- PROBLEM:
Two lines in the listing below mark the span: one contains "Foto 15 de VENTA" and one contains "4 Sunline Terrace, Pakenham VIC 3810". Reproduce both of them and everything between, exactly.

- EXCERPTED DATA:
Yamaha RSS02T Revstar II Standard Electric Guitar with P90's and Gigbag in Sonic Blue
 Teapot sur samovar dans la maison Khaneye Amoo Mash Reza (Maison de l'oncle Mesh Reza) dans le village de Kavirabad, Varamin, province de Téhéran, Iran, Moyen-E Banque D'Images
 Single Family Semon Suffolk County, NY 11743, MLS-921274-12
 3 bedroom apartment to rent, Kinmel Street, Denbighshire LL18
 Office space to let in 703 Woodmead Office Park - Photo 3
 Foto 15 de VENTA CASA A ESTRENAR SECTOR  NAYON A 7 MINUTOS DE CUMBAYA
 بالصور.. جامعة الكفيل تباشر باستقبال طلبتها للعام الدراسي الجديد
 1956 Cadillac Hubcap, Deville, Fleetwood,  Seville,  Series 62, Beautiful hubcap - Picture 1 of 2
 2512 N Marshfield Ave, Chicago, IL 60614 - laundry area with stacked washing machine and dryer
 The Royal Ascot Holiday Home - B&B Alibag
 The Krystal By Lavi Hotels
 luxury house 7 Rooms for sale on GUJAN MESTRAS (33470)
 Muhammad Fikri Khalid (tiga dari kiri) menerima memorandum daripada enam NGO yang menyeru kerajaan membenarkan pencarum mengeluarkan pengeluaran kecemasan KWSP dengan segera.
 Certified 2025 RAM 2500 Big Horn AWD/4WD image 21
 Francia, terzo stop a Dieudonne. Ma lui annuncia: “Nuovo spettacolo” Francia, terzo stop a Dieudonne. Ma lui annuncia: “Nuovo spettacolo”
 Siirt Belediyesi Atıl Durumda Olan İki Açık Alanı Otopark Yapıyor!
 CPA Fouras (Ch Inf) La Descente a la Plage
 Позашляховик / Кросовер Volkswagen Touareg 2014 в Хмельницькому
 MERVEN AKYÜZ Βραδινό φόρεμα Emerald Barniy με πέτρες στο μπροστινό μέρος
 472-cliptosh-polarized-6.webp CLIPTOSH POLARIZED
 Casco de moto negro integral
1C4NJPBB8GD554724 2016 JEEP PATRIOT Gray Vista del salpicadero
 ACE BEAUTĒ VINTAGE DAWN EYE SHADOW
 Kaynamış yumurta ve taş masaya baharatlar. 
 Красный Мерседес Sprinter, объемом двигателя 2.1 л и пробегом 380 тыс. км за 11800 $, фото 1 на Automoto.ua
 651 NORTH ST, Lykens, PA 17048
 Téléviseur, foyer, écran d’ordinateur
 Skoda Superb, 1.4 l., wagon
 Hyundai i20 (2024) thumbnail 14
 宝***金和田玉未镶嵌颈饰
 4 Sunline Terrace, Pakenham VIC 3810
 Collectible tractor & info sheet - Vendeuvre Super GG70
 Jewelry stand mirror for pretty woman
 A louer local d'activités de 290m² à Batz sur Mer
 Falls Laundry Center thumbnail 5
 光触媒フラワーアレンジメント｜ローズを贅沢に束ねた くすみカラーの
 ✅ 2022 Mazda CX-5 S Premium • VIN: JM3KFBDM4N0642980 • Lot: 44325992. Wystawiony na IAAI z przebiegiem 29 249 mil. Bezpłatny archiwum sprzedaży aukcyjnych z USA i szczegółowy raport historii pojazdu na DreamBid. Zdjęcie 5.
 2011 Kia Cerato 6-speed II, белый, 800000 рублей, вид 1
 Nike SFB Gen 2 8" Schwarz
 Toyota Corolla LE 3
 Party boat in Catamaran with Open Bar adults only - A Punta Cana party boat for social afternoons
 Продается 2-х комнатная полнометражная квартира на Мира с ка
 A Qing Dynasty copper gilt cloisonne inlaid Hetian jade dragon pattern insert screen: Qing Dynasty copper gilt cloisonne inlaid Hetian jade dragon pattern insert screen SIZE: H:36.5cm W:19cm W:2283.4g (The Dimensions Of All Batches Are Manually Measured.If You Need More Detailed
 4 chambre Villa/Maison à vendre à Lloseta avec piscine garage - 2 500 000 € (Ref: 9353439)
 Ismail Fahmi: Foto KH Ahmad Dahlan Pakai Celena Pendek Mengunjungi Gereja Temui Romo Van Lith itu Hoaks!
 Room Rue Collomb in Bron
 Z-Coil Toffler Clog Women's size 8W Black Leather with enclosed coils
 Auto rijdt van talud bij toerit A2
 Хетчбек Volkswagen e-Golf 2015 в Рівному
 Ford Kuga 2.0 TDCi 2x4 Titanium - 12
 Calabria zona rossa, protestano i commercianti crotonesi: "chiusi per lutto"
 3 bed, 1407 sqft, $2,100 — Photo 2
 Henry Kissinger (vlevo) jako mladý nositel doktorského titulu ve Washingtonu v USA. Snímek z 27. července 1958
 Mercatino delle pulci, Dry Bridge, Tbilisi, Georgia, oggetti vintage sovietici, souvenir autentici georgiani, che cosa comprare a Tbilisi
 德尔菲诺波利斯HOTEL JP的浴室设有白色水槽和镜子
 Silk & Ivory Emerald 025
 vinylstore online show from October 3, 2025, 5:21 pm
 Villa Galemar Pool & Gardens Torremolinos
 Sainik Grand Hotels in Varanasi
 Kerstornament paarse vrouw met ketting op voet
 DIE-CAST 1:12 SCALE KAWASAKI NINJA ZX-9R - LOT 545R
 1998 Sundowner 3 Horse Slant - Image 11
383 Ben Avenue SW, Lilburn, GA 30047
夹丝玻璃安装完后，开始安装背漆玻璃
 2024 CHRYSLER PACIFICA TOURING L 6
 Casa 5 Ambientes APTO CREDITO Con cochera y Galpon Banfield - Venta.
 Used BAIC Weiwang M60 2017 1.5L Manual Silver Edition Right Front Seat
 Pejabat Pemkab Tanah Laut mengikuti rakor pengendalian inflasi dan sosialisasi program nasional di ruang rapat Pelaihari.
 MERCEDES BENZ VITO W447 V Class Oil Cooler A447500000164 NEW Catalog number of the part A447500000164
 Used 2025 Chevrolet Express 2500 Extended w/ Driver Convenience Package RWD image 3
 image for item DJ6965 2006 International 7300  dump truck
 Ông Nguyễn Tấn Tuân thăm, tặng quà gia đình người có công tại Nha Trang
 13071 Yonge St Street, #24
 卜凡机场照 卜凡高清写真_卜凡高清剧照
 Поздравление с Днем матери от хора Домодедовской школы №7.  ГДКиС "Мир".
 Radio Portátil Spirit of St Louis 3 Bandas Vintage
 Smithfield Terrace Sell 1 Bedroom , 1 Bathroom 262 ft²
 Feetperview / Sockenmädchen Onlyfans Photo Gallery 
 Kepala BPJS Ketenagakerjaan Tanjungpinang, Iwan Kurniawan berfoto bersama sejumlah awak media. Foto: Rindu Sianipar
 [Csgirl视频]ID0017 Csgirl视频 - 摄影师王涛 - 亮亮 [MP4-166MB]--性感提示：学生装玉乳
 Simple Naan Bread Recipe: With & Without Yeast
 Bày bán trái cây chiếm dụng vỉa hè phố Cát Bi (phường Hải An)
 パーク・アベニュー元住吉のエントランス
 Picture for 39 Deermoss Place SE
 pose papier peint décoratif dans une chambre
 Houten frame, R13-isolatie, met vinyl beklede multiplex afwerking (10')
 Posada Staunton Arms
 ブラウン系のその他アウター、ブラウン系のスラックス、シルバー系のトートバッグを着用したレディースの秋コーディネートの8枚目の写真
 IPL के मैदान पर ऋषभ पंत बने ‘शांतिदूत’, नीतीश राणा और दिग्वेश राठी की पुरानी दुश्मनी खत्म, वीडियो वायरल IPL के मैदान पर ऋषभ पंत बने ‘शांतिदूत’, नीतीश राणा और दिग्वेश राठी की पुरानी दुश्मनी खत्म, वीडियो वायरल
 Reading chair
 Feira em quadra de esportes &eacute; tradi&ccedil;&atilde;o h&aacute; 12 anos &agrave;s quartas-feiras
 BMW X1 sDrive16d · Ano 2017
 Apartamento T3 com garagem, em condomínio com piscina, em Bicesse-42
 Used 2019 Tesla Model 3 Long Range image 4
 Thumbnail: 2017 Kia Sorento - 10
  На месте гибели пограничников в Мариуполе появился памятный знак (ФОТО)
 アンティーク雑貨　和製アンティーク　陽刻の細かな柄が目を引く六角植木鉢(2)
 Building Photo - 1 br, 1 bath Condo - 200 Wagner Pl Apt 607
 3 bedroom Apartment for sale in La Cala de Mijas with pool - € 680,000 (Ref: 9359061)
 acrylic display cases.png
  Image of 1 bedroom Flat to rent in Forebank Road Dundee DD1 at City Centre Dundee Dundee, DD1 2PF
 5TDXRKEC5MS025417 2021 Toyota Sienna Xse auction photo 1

- ANSWER BOX:
 Foto 15 de VENTA CASA A ESTRENAR SECTOR  NAYON A 7 MINUTOS DE CUMBAYA
 بالصور.. جامعة الكفيل تباشر باستقبال طلبتها للعام الدراسي الجديد
 1956 Cadillac Hubcap, Deville, Fleetwood,  Seville,  Series 62, Beautiful hubcap - Picture 1 of 2
 2512 N Marshfield Ave, Chicago, IL 60614 - laundry area with stacked washing machine and dryer
 The Royal Ascot Holiday Home - B&B Alibag
 The Krystal By Lavi Hotels
 luxury house 7 Rooms for sale on GUJAN MESTRAS (33470)
 Muhammad Fikri Khalid (tiga dari kiri) menerima memorandum daripada enam NGO yang menyeru kerajaan membenarkan pencarum mengeluarkan pengeluaran kecemasan KWSP dengan segera.
 Certified 2025 RAM 2500 Big Horn AWD/4WD image 21
 Francia, terzo stop a Dieudonne. Ma lui annuncia: “Nuovo spettacolo” Francia, terzo stop a Dieudonne. Ma lui annuncia: “Nuovo spettacolo”
 Siirt Belediyesi Atıl Durumda Olan İki Açık Alanı Otopark Yapıyor!
 CPA Fouras (Ch Inf) La Descente a la Plage
 Позашляховик / Кросовер Volkswagen Touareg 2014 в Хмельницькому
 MERVEN AKYÜZ Βραδινό φόρεμα Emerald Barniy με πέτρες στο μπροστινό μέρος
 472-cliptosh-polarized-6.webp CLIPTOSH POLARIZED
 Casco de moto negro integral
1C4NJPBB8GD554724 2016 JEEP PATRIOT Gray Vista del salpicadero
 ACE BEAUTĒ VINTAGE DAWN EYE SHADOW
 Kaynamış yumurta ve taş masaya baharatlar. 
 Красный Мерседес Sprinter, объемом двигателя 2.1 л и пробегом 380 тыс. км за 11800 $, фото 1 на Automoto.ua
 651 NORTH ST, Lykens, PA 17048
 Téléviseur, foyer, écran d’ordinateur
 Skoda Superb, 1.4 l., wagon
 Hyundai i20 (2024) thumbnail 14
 宝***金和田玉未镶嵌颈饰
 4 Sunline Terrace, Pakenham VIC 3810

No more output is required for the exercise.